まつたけ秘帖

徒然なるままmy daily & cinema,TV drama,カープ日記

危険運転の男たち 兄弟車

2021-08-24 | 北米映画 15~21
 「ワイルド・スピード ジェットブレイク」
 恋人のレティ、幼い息子ブライアンと平穏な暮らしを送っていたドミニクは、世界的陰謀に行方不明だった弟のジェイコブが関与していることを知り、ファミリーと共に再び戦いに身を投じるが…
 待望のシリーズ最新作、公開延期を経てようやく日本でもお目見え!楽しみな反面、がっかり&不安な点も観る前に多々ありました。まず、ほぼ主役になってたホブス&デッカードが退場し、ドミニクが単独主役になったこと。ホブスとデッカードの見せ場が増えたことで、いつしかバリバリの主役感は薄まってしまったドミニク。演じるヴィン・ディーゼルは好きだけど、彼だけってのは正直ちょっと残念。元々ポール・ウォーカー目当てで観てたシリーズ。そのポールはいなくなり途中参戦し大暴れ、シリーズをいっそうド派手に面白くしてくれたドウェイン・ジョンソンとジェイソン・ステイサムも不出演。大物二人のみならず、スコット・イーストウッドやクリス・エヴァンズなどイケメン要員も姿を消し、キャスト的にはかなりパワーダウン感が否めませんでした。でも、映画じたいは相変わらずありえないハチャメチャてんこ盛りで、コテコテにワイスピ。やっぱワイスピはこうでなきゃ!なお約束、ワンパターンさです。あの手この手で飽きさせない手腕がいつもお見事。ありえないハチャメチャさは回を追うごとにエスカレート、いつか宇宙に行くんじゃね?と笑ってたら、ほんとに行っちゃった!いくら何でもやりすぎ、バカバカしすぎ、とは思っても、その何でもアリなノリこそワイスピの魅力です。

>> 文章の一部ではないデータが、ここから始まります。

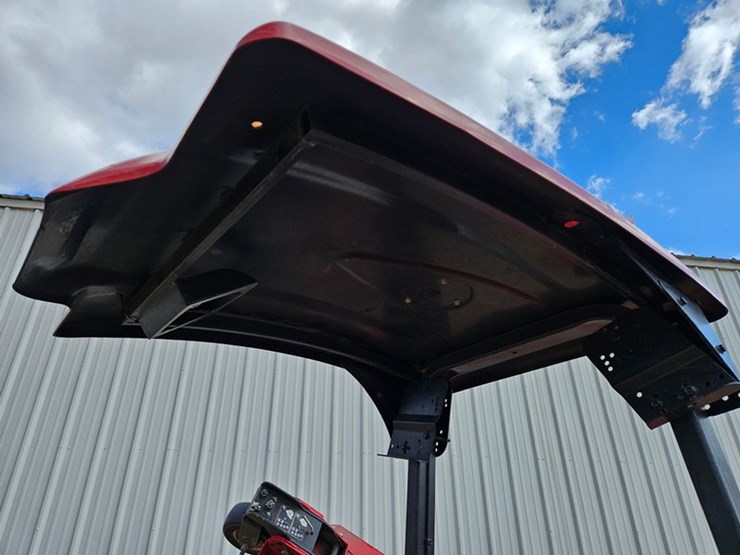 #5050-•-toro-ground-master-4000d-wide-area-mower-image-28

 ド派手にスカっと面白かったのですが、でも正直もう次はそんなに楽しみではなくなってきてます。ほとんど惰性で観てる感じ。ここまで観たら最後まで付き合いたいとは思うのですが、いったいいつまで続くのでしょうか。個人的にはやはりキャストの地味化がイタいです。ドウェインとステイサムの不在は思った以上の損失。死んだはずのハンと、家庭優先してたミアが電撃復帰してるのですが、失礼ながらいまだに演じてる人の名前も知らない小物たち。ガル・ガドットが過去の回想シーンでチョコっと登場しますが、彼女は大物になったので再登場はないだろうな~。
 それはそうと。ハンの復活とか強引すぎ。ミアよりもブライアンに戻ってきてほしかった!と、ほとんどのワイスピファンは思ったはずブライアンのキャラからして、奥さんだけ参戦させて自分は子守、とかありえんし。ラストのファミリーの会食シーンでひとつ空けてる席、そしてブライアンといえばのあの青いスカイラインが到着、が切ない演出でした。ブライアンは元気に生きてる、という設定が泣かせます。あらためて、ポール・ウォーカー哀悼…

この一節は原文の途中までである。